YOUR GOAL » When you reach the line that holds "Gymax 12V Batter", start copying exactly and keep going through the final line of the data, leaving out pictures.

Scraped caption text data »

------------------------------------------------

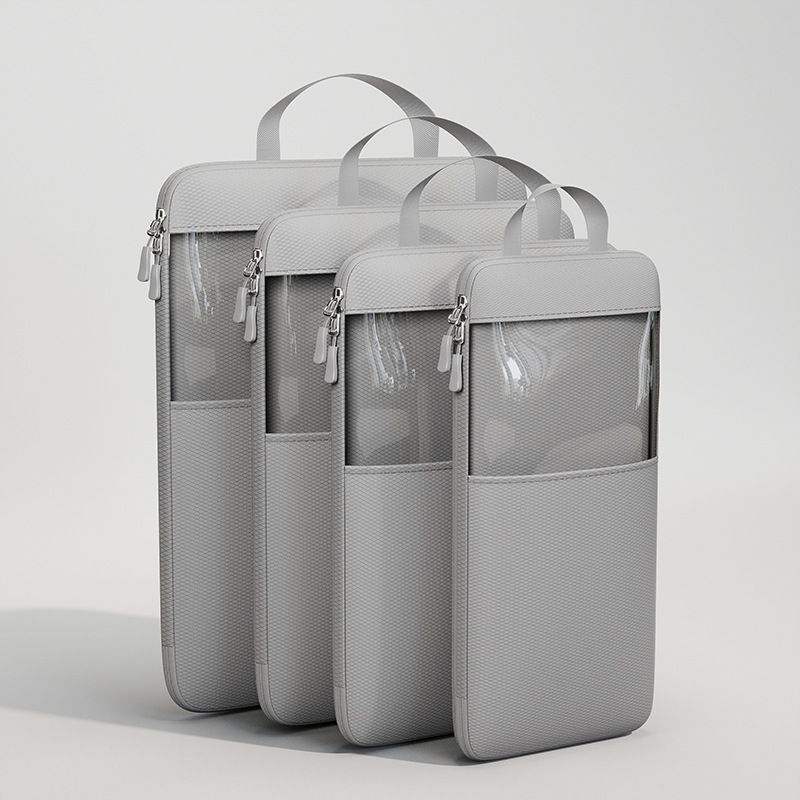 Mu Family Travel Storage Bag Portable Compressible Cube Grey Four-piece set [small + medium + large + extra large]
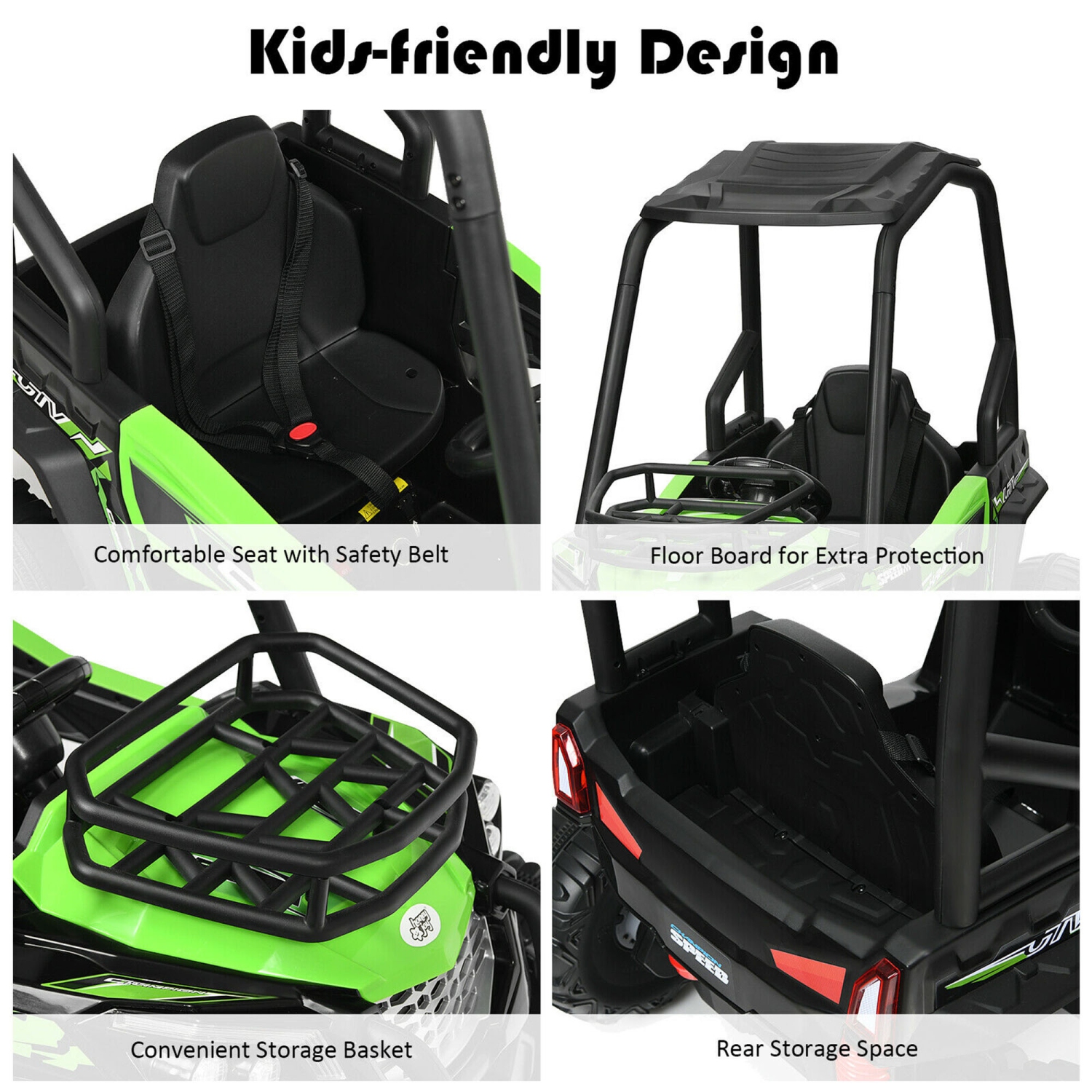 Gymax 12V Batter Powered Kids Ride on Car UTV Truck w/ Remote Control Music MP3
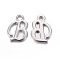 Platinum Plated Alloy Letter Pendants, Rack Plating, Letter.B, 13x10x2mm, Hole: 1.5mm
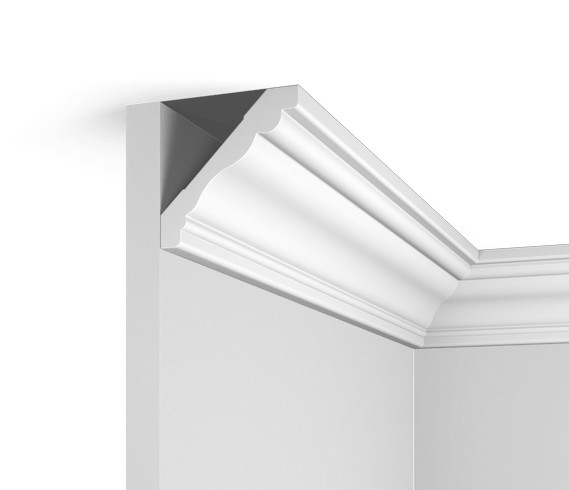 Потолочный плинтус HiWood A1011 белый фитополимер 77.8х77.8х2000 мм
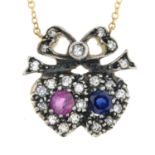A sapphire, ruby and diamond double heart pendant, on chain.
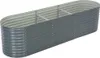 A raised garden bed made of corrugated metal. Voir les images du produit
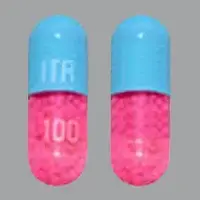 Itraconazole (Itraconazole [ it-ra-kon-a-zole ])-ITR 100-100 mg-Blue & Pink-Capsule-shape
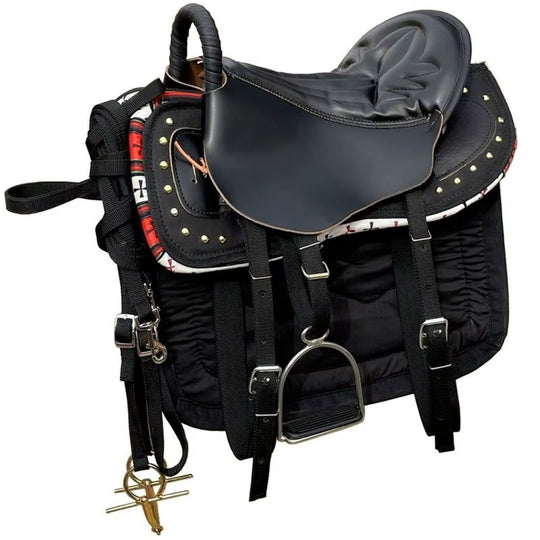 Complete leather saddle set with accessories, 8 pieces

------------------------------------------------

ANSWER FOR THIS EXERCISE »
 Gymax 12V Batter Powered Kids Ride on Car UTV Truck w/ Remote Control Music MP3
 Platinum Plated Alloy Letter Pendants, Rack Plating, Letter.B, 13x10x2mm, Hole: 1.5mm
 Потолочный плинтус HiWood A1011 белый фитополимер 77.8х77.8х2000 мм
A sapphire, ruby and diamond double heart pendant, on chain.
 A raised garden bed made of corrugated metal. Voir les images du produit
 Itraconazole (Itraconazole [ it-ra-kon-a-zole ])-ITR 100-100 mg-Blue & Pink-Capsule-shape
 Complete leather saddle set with accessories, 8 pieces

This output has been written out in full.